§ DATASET EXCERPTS:
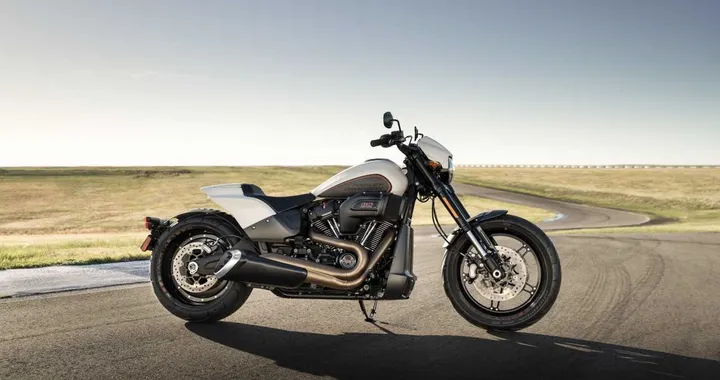 Harley-Davidson: la cruiser FXDR 114 e altre novità per il 2019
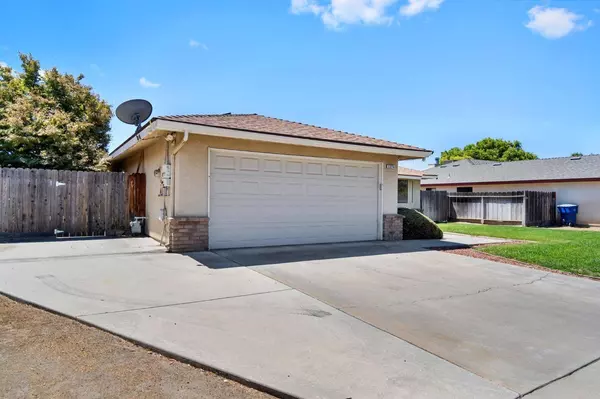 1374 Saginaw Avenue, Clovis, CA 93612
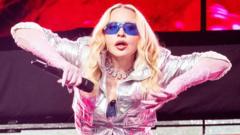 Madonna’s Confessions II: 21 jaar later een waardige opvolger? Madonna's Confessions II: 21 jaar later een waardige opvolger? (Picture by: ichef.bbci.co.uk)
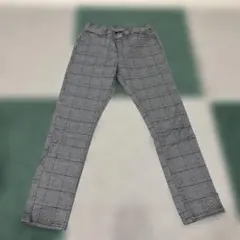 【サイズ140】白黒チェック柄長ズボン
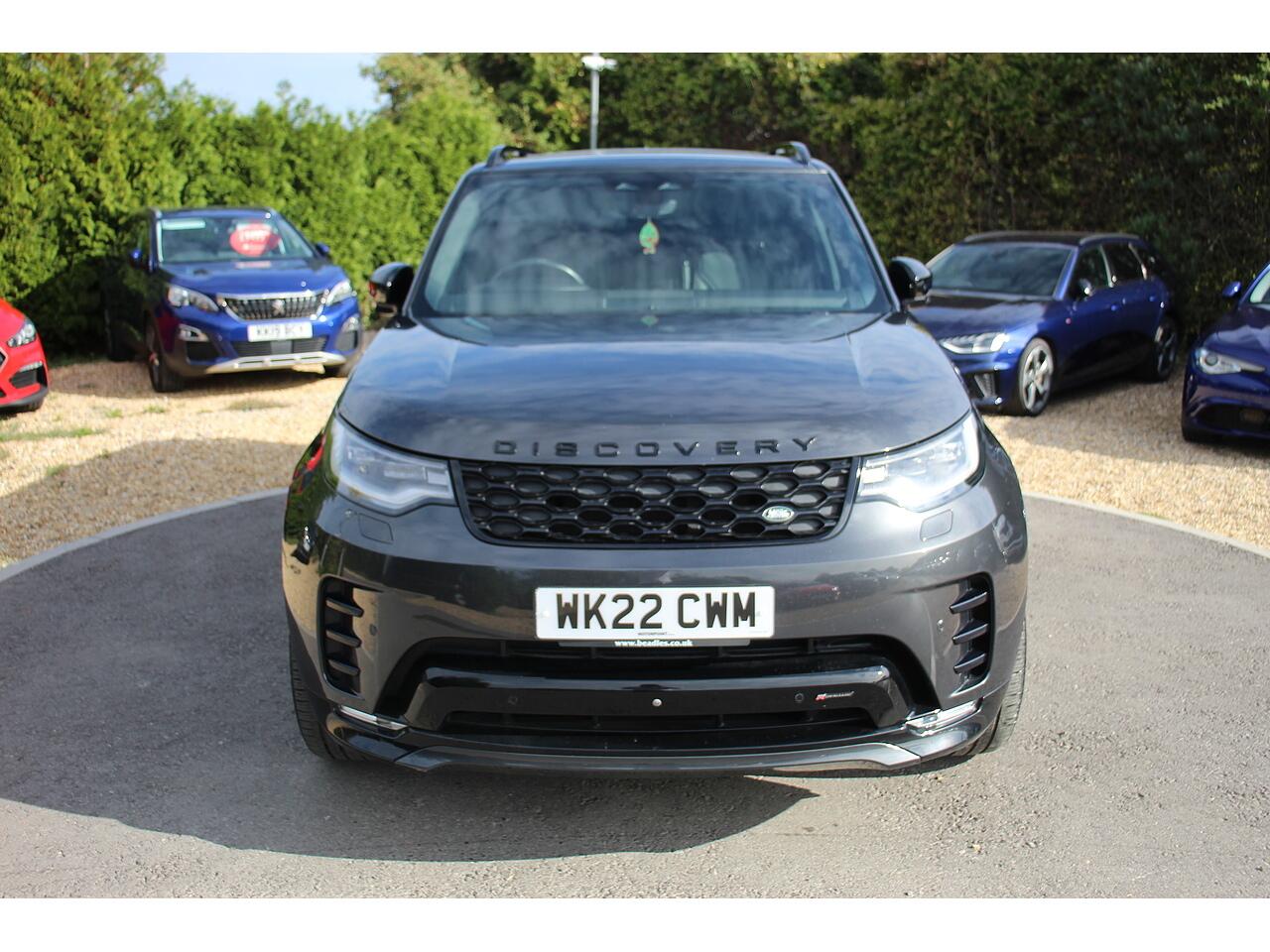 Land Rover Discovery view 3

§ WORK ORDER:
In your answer, give every line of the listing above exactly, and do not include the images.

§ EXERCISE OUTPUT:
 Harley-Davidson: la cruiser FXDR 114 e altre novità per il 2019
 1374 Saginaw Avenue, Clovis, CA 93612
 Madonna’s Confessions II: 21 jaar later een waardige opvolger? Madonna's Confessions II: 21 jaar later een waardige opvolger? (Picture by: ichef.bbci.co.uk)
 【サイズ140】白黒チェック柄長ズボン
 Land Rover Discovery view 3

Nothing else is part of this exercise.